La plupart des systèmes de contrôle automatisés n'ont pas été créés avec la sécurité comme ligne de mire. C'est la raison pour laquelle la plupart des protocoles utilisés pour l'échange de l'information utilisée dans les systèmes Scada (Supervisory Control and Data Acquisition) et API (automates programmables industriels) ne nécessitent pas d'identification ou d'autorisation particulière pour tous les utilisateurs. "La vulnérabilité des logiciels de contrôle, des contrôleurs programmés et des réseaux de communication industriels amène les exploitants de systèmes industriels et d'infrastructures à une incapacité de recevoir les informations sur le fonctionnement global du système" affirme Kaspersky. Bien qu'idéalement tous les logiciels ICS auraient besoin d'être réécrits en intégrant toutes les technologies de sécurité disponibles et en tenant compte des nouvelles réalités en termes de cyberattaques, l'effort coûteux ne serait malgré tout, selon Kaspersky, pas en mesure de garantir le fonctionnement stable du système. L'alternative proposée, décrite comme "pleinement réalisable", serait donc bel et bien un système d'exploitation sécurisé sur lequel les logiciels ICS pourraient être installés et qui pourrait être intégré dans une infrastructure déjà existante. Ce dernier permettrait de contrôler les systèmes et de garantir la réception de rapports de données fiables sur le fonctionnement des systèmes. Actuellement, la plupart des serveurs Scada sont en effet gérés par les serveurs sous Linux ou Windows.

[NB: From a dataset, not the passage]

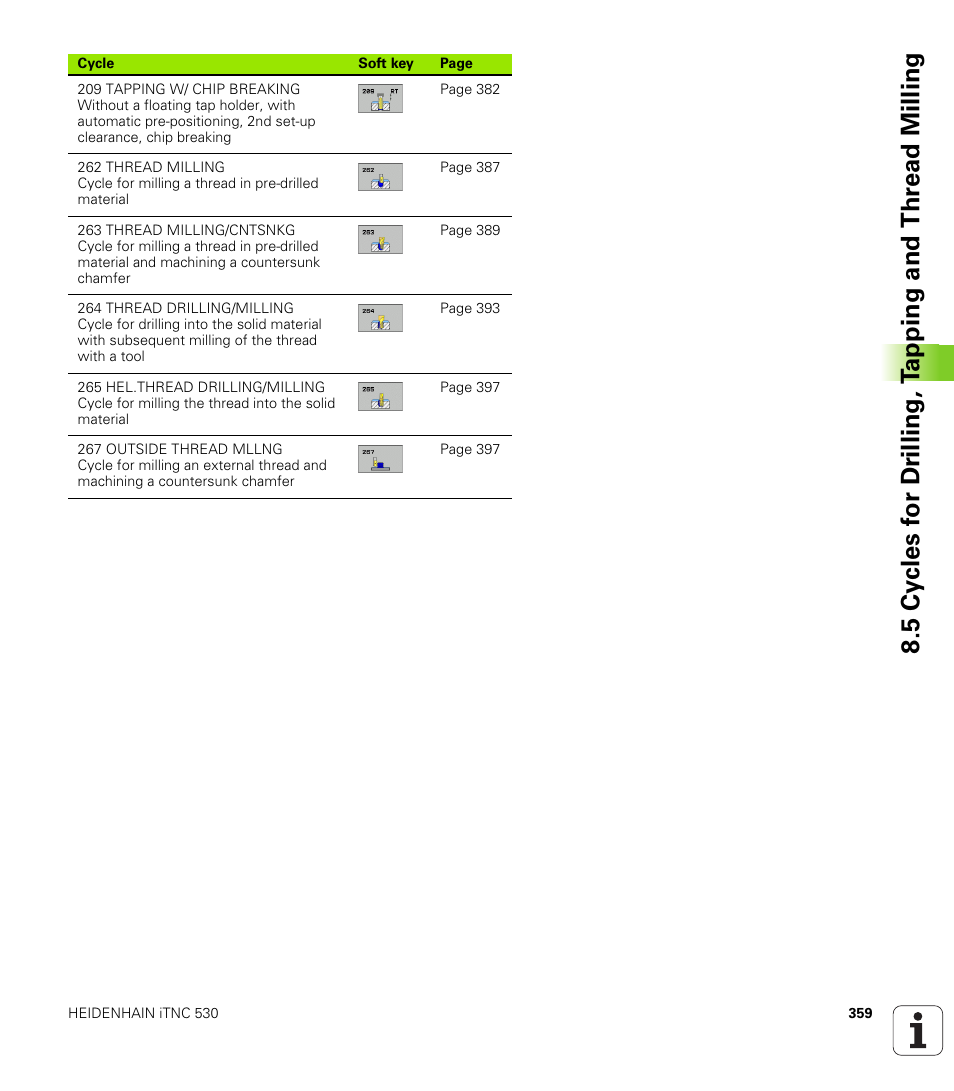 HEIDENHAIN iTNC 530 (340 49x-04) User Manual | Page 359 / 789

Tout écrire à partir de zéro pour garantir la sécurité du noyau

Kaspersky Lab, qui prévoit de concevoir le système d'exploitation en collaboration avec des fournisseurs et des utilisateurs de systèmes de contrôle industriel, a pour objectif de partir de zéro en proposant un code entièrement nouveau. "Pour être entièrement sécurisé, le noyau doit être entièrement vérifié pour ne permettre aucune vulnérabilité ou double usage du code. Le noyau doit également contenir un minimum de code très strict, ce qui signifie que la quantité maximale possible du code, y compris les pilotes, doit être contrôlée par le noyau et être exécutée avec des droits d'accès de bas niveau", selon le Lab de Kaspersky. "Nous ne pouvons révéler de plus amples détails sur le projet à cause de la confidentialité d'une telle coopération. Nous ne voulons pas parler de certaines choses de peur que les concurrents ne sautent sur nos idées et s'inspirent de notre savoir-faire", précisait la firme sur son blog.